Data items

+ + +

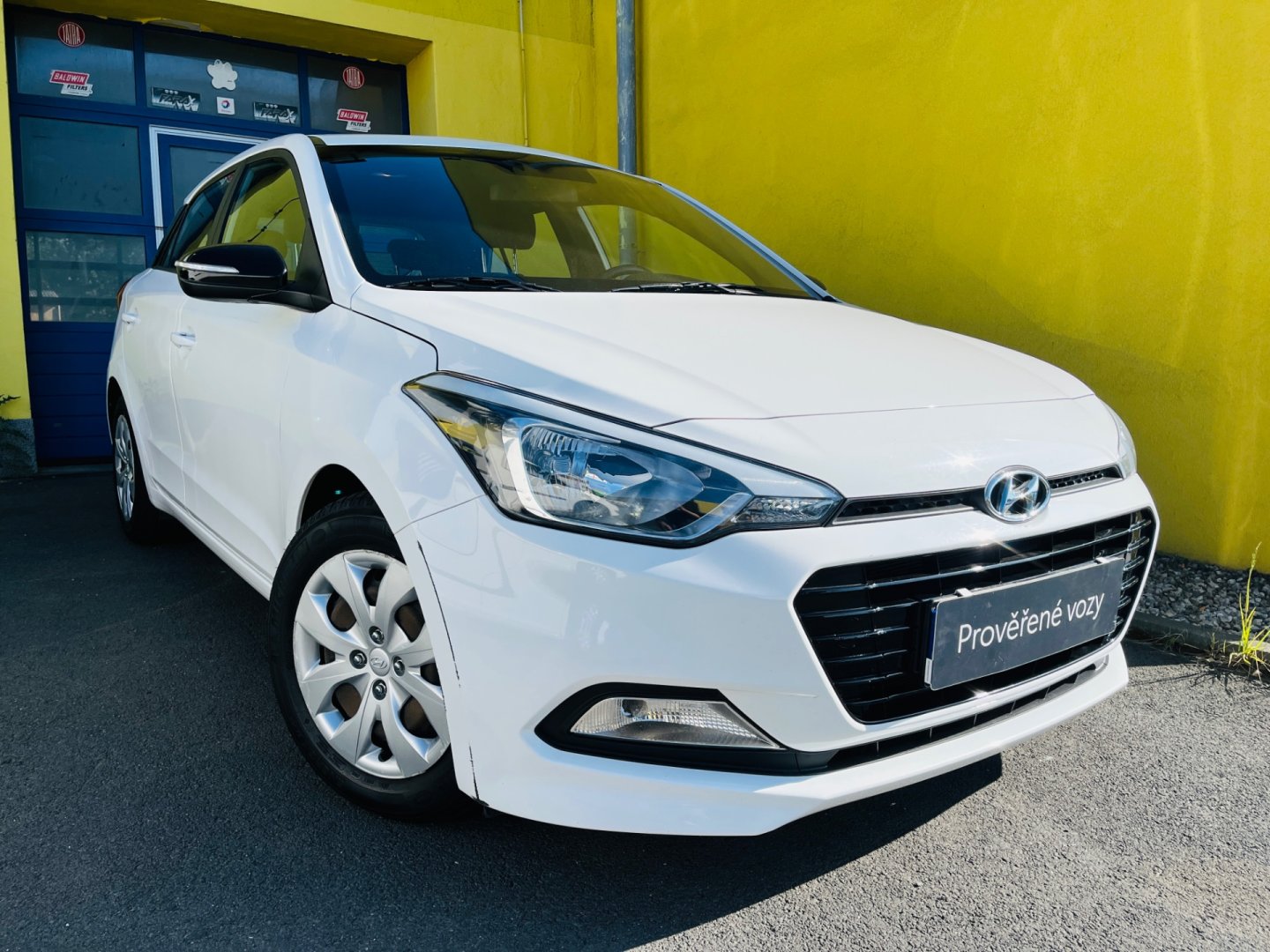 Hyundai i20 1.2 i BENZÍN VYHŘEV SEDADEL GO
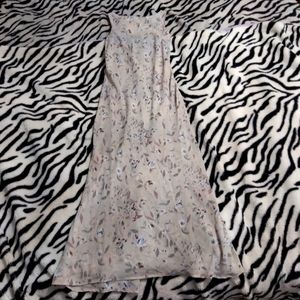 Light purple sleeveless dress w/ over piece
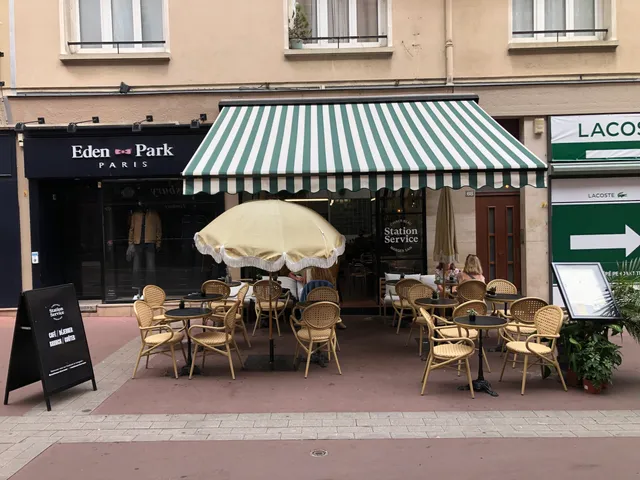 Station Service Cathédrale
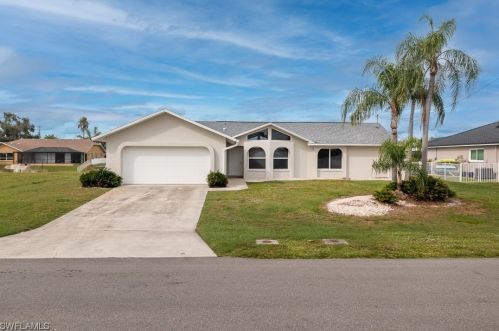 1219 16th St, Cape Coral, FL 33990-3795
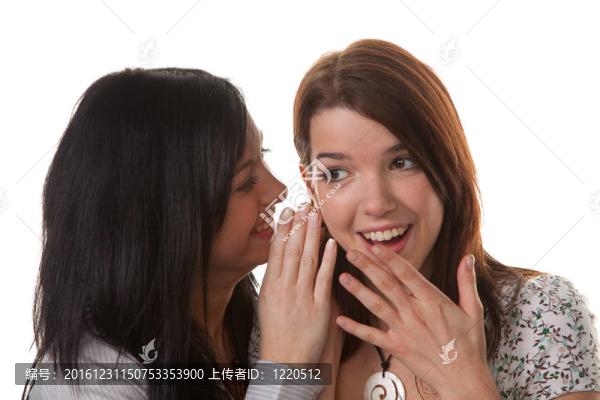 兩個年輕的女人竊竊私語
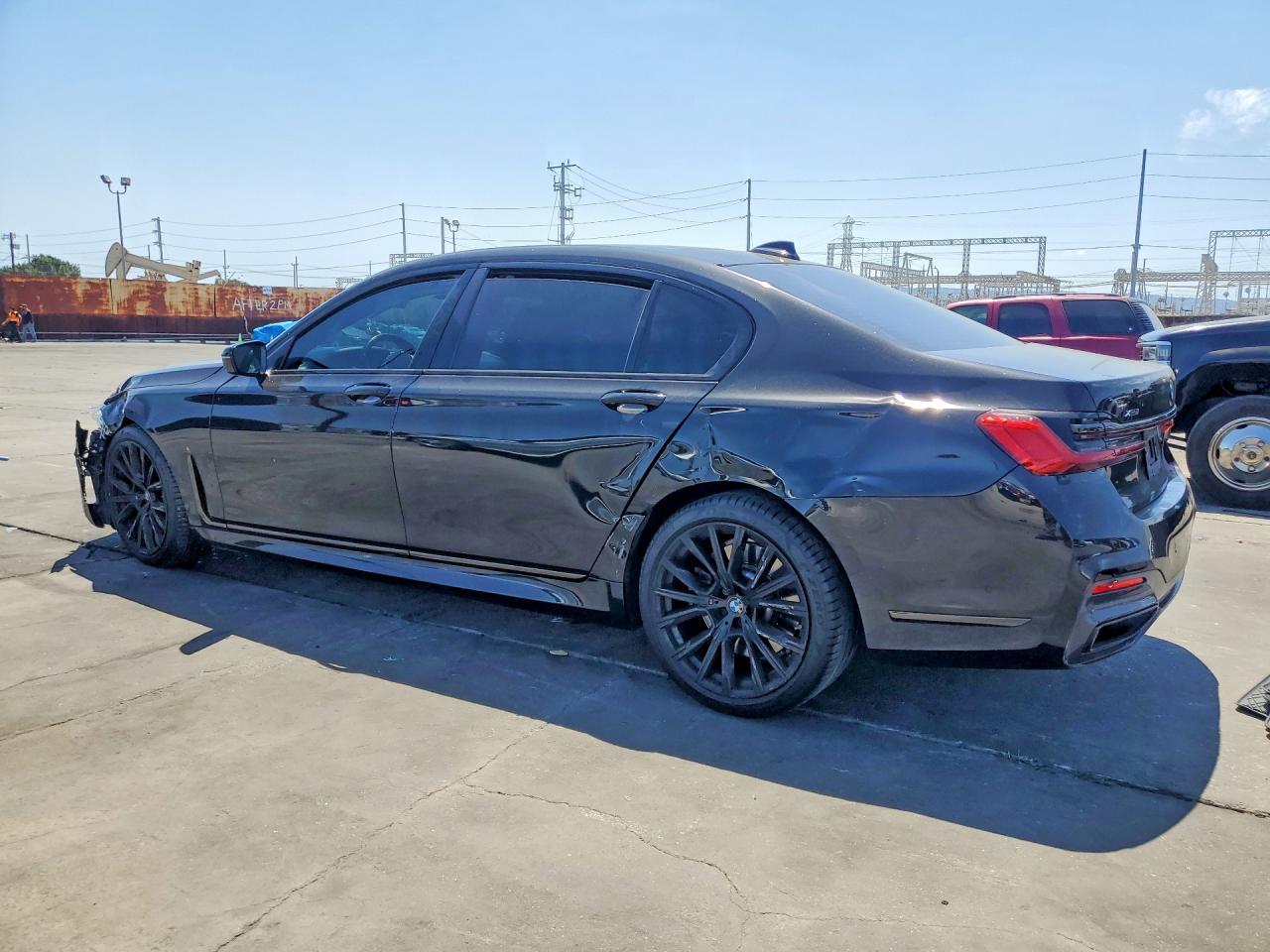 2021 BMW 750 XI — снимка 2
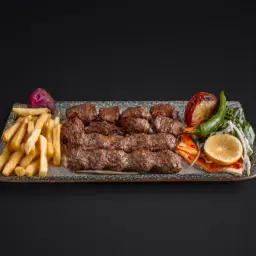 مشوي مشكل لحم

+ + +

(What you have to do):
Pictures omitted, give the entries again exactly.

(Response area):
 Hyundai i20 1.2 i BENZÍN VYHŘEV SEDADEL GO
 Light purple sleeveless dress w/ over piece
 Station Service Cathédrale
 1219 16th St, Cape Coral, FL 33990-3795
 兩個年輕的女人竊竊私語
 2021 BMW 750 XI — снимка 2
 مشوي مشكل لحم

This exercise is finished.